What the Numbers Don't Capture
- Remote location premium. Salmon farms operate in some of the most geographically isolated locations in Scotland, Norway, and Canada. The labour pool is structurally constrained — not everyone will live in a remote Highland or fjord community. This creates a persistent supply-demand imbalance that the evidence score doesn't fully capture.
- Climate and regulatory trajectory. Tightening environmental regulations (SEPA, EU Biodiversity Strategy) are increasing compliance complexity, potentially creating more management work rather than less. Simultaneously, climate change alters sea temperatures and disease patterns, demanding adaptive judgment that AI models trained on historical data struggle with.
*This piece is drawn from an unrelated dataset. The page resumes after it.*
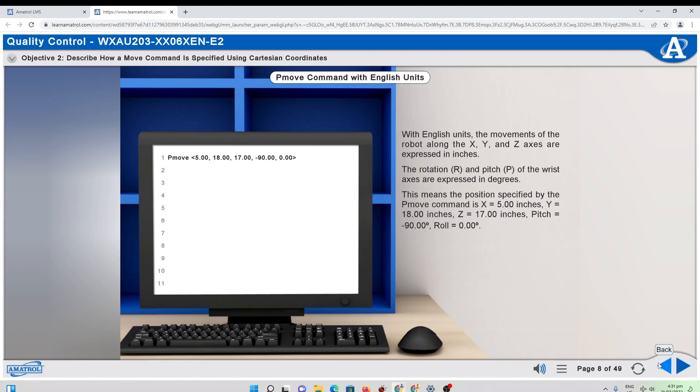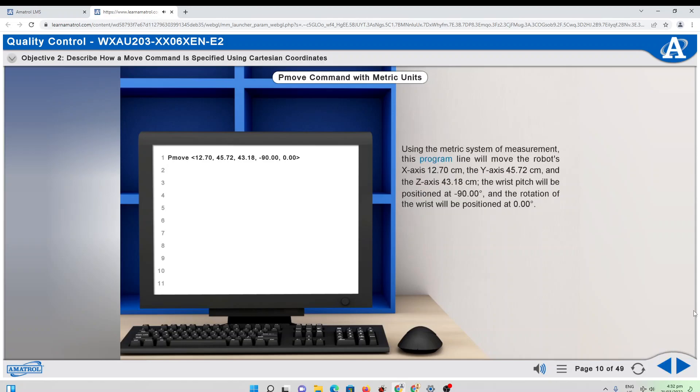If metric units are used, the same program command would appear as shown. With metric units, the movements of the robot along the X, Y, and Z axes are expressed in centimeters, whereas the rotation, R, and pitch, P, of the wrist axes are again expressed in degrees. Using the metric system, this program line will move the robot's X axis 12.7 centimeters, the Y axis 45.72 centimeters, and the Z axis 43.18 centimeters. The wrist pitch will be positioned at negative 90 degrees, and the rotation of the wrist will be positioned at 0 degrees.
- Technology management burden. As farms adopt more IoT, AI feeding, and monitoring systems, the manager's role expands to include technology oversight — a reinstatement effect that increases role complexity even as individual tasks become more efficient.
Who Should Worry (and Who Shouldn't)
If you manage marine pen sites with direct responsibility for fish welfare, staff safety, and regulatory compliance — you are well-protected. The combination of physical marine presence, animal welfare accountability, and operational judgment in unpredictable conditions is exactly what AI cannot replicate. The more remote and weather-exposed your site, the safer you are.
If your role is primarily office-based data management at a large corporate aquaculture headquarters — reviewing dashboards, compiling production reports, and coordinating between sites via software — you are more exposed than this label suggests. The data-heavy, desk-based version of "farm manager" looks more like a production analyst role, which scores lower.
The single biggest separator: whether you are on the water managing physical operations and making welfare decisions, or behind a desk managing data flows. The former is Green. The latter is Yellow.
What This Means
The role in 2028: The salmon farm manager is a technology-augmented operator — using AI health monitoring to catch disease earlier, automated feeding to optimise conversion ratios, and IoT compliance dashboards to streamline reporting. The core job (managing marine sites, leading teams, making welfare decisions in harsh conditions) is unchanged. Managers who can interpret AI outputs and configure precision aquaculture systems will be the most valued.
Survival strategy:
- Master precision aquaculture technology. Learn to configure and interpret AI feeding systems, health monitoring platforms, and IoT sensor networks. The manager who can troubleshoot iFarm or TidalX outputs is worth more than one who cannot.
- Deepen fish health and welfare expertise. As AI handles routine monitoring, the manager's value shifts toward interpreting complex health scenarios, coordinating veterinary interventions, and making judgment calls on welfare trade-offs. Formal qualifications in fish health add a moat.
- Build regulatory and environmental compliance depth. Tightening regulations create demand for managers who understand SEPA consents, Marine Scotland licensing, and emerging environmental standards. Compliance complexity is increasing, not decreasing.
Timeline: 5-10+ years. Physical marine environment and animal welfare accountability provide structural protection. AI transforms data-driven tasks but the management function remains human-led.